An EyeLink 1000 video-based eye tracker (SR Research Ltd., Mississauga, Ontario, Canada) with a temporal resolution of 1000 Hz was used. Participants were seated with their heads stabilized on a chinrest and with a distance of approximately 60 cm between the monitor that displayed the tasks (19 in. diagonal with a resolution of 1280 × 1024 pixels) and their eyes. The screen covered 43° of horizontal visual angle and 32° of vertical visual angle.

Procedures

Data collection took place in two sessions. In the first session, all participants were collectively administered the reading comprehension screening test for approximately 25 min. The second session involved individual experiments with the eye tracker, administered in a quiet room. After instructions were provided, the eye tracker was calibrated for each participant using a nine-point procedure. Next, the participant was instructed to speak their problem-solving plans aloud as they read two practice problems on the screen, with no calculation or answer required. The formal experimental process was the same as the practice process. The sequence of the 16 problems was randomized for each participant. To create a natural reading condition, each participant was allowed to complete the tasks at his or her own pace. On average, participants finished the entire eye-tracking experiment in about 30–45 min.

Results

Table 1 shows the means and standard deviations of successful/unsuccessful problem-solvers by problem difficulty in terms of different eye-movement indicators. Six 2 × 4 (group × problem difficulty) ANOVA tests on different eye-movement indicators and four multiple regression analyses were conducted. Table 2 summarizes the effects of ANOVAs for the six indicators.

Table 1 Means and standard deviations for different eye-movement indicators as a function of group and difficulty
Table 2 Summary of the effects of ANOVAs for different eye-movement indicators

Effect of group and problem difficulty on RT − TFD, TFD of blank, and NOF of blank

A two-way ANOVA on RT − TFD showed a significant effect for difficulty, F(3, 201) = 17.11, p < .001, η2 = .203, but not for group, F(1, 67) = 1.27, p > .10. In addition, the results indicated that interaction between difficulty and group was marginally significant, F(3, 201) = 2.26, p = .083, η2 = .033. In addition, a simple main-effect analysis was conducted. For the successful group, a significant difference in RT − TFD was found between the problem difficulties, F(3, 201) = 15.22, p < .001. Post hoc comparison indicated that RT − TFD was significantly greater for inconsistent-text problems (M = 8.89) than consistent-text and consistent-illustrated problems (M = 6.53, 4.84; p< .001) and marginally greater for inconsistent-text problems than inconsistent-illustrated problems (M = 7.25, p = .063). Furthermore, RT − TFD was significantly greater for inconsistent-illustrated and consistent-text problems than consistent-illustrated problems (ps < .05). For the unsuccessful group, a significant difference in RT − TFD was also found between the problem difficulties, F(3, 201) = 3.99, p = .009. Post hoc comparison showed that RT − TFD was significantly greater for inconsistent-text, inconsistent-illustrated, and consistent-text problems (M = 6.70, 6.40, 5.97) than consistent-illustrated problems (M = 4.77; ps < .05). For inconsistent-text problems, a significant difference in RT − TFD was observed between the two groups, F(1, 268) = 5.12, p = .024. Post hoc comparison revealed that the successful problem-solvers (M = 8.98) demonstrated marginally significantly greater RT − TFD than the unsuccessful problem-solvers (M = 6.70; p = .068).

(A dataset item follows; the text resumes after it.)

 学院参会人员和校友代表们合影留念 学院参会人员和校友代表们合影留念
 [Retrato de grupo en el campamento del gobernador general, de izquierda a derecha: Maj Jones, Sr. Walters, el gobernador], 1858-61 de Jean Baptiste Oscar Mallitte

We also conducted a two-way ANOVA on TFD of blank. The main effect was marginally significant on group, F(1, 67) = 3.18, p = .079, η2 = .045, and significant on difficulty, F(3, 201) = 5.90, p = .001, η2 = .081, but no interaction effect existed between the two factors, F(3, 201) = .69, p > .10. For group, post hoc comparison indicated that the successful group (M = 1.32) demonstrated marginally significantly greater TFD of blank than the unsuccessful group (M = 0.95). For difficulty, post hoc comparison showed that TFD of blank was significantly greater for inconsistent-text problems (M = 1.46) than consistent-illustrated problems and consistent-text problems (M = 0.89, 1.05; ps < .01), but only marginally significantly greater than for inconsistent-illustrated problems (M = 1.13; p = .064). TFD of blank was also significantly greater for inconsistent-illustrated problems than consistent-illustrated problems (p = .043).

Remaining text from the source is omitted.